Converting Objective C to Swift : The Circular Picker View Example

Screenshot 2015-03-01 14.59.10Swift is a new language. Objective C is not. Sometimes you have some Objective C code and want to make it into Swift code. I had a case of that this week when a reader asked me about continuous picker view wheels. If you are familiar with the date picker it goes from 0 to 59 and then loops back to 0, making a continuous wheel. The UIPickerView does not have this ability. When asked, I did not know how to do this. The reader found some code in Objective C that did that. I did a little web searching and I did find a solution. Of course it was in Objective C, not Swift.

I’ve wanted to write a piece on converting from Objective C to Swift for a while. I didn’t have a good example to use. This makes a really good example.

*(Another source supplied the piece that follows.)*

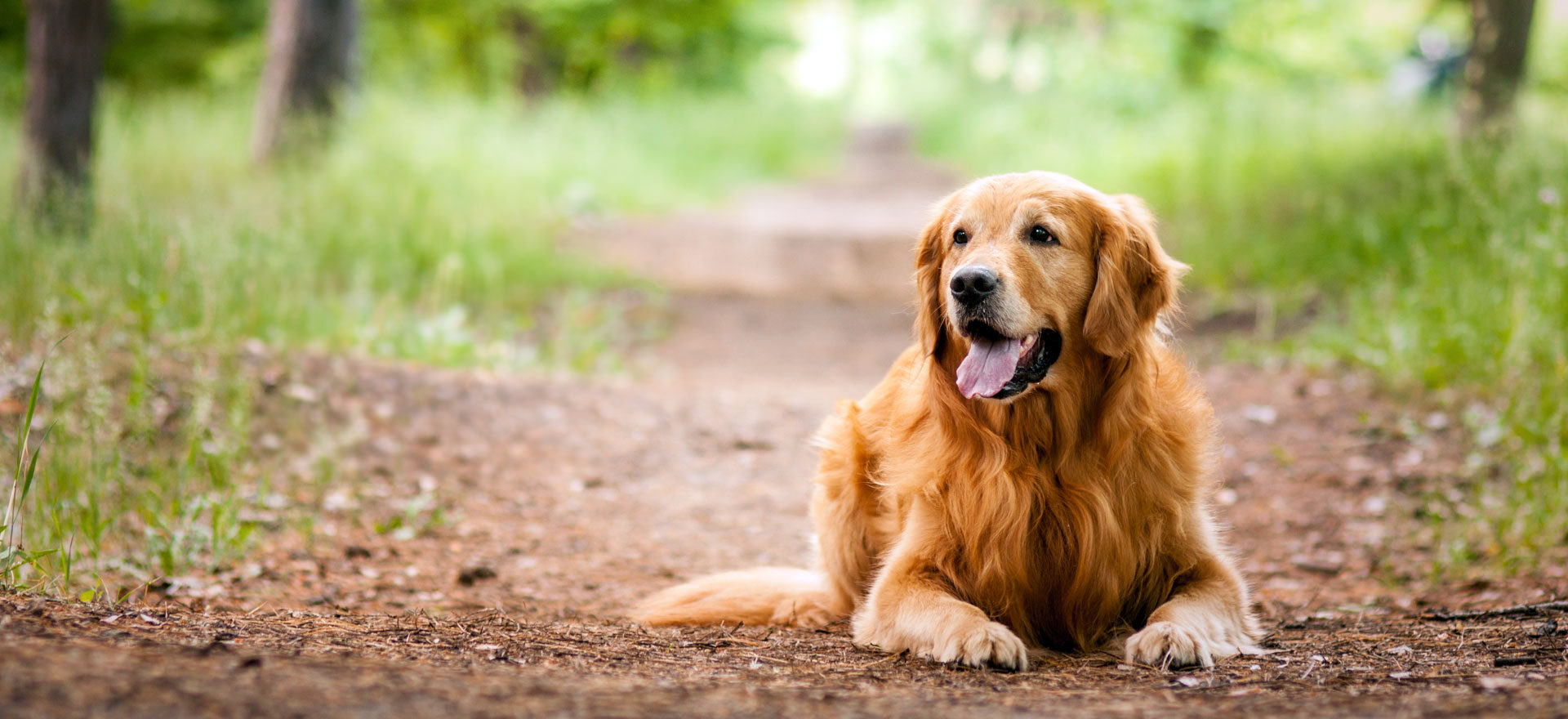 Happy golden retriever sitting outdoors at The Family Pet Stay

We’ll discuss some things you should know and try an example of converting a method for a UIPickerView from Objective C into Swift.

Header Files and Scope

Objective C uses two files for a class, unlike Swift’s single file for a class. A primary reason for this is sharing.  Some data is shared in a class, some isn’t. We refer to how much something shares as its scope. Scope rules are very different between the two languages. One of those two files in Objective C is a header file or .h file. The .h file has information that is public in scope. A public scope allows sharing. Anything private and not shared gets declared in the other file, the  implementation file. Implementation files have  a .m extension. The .h file includes properties, methods target-actions, outlets, and often protocols for delegates. It is in the header file that you find most of the class definition. The header file has no code though: it is only declarations. You will repeat all your methods and target actions in the implementation file when you write the code for it.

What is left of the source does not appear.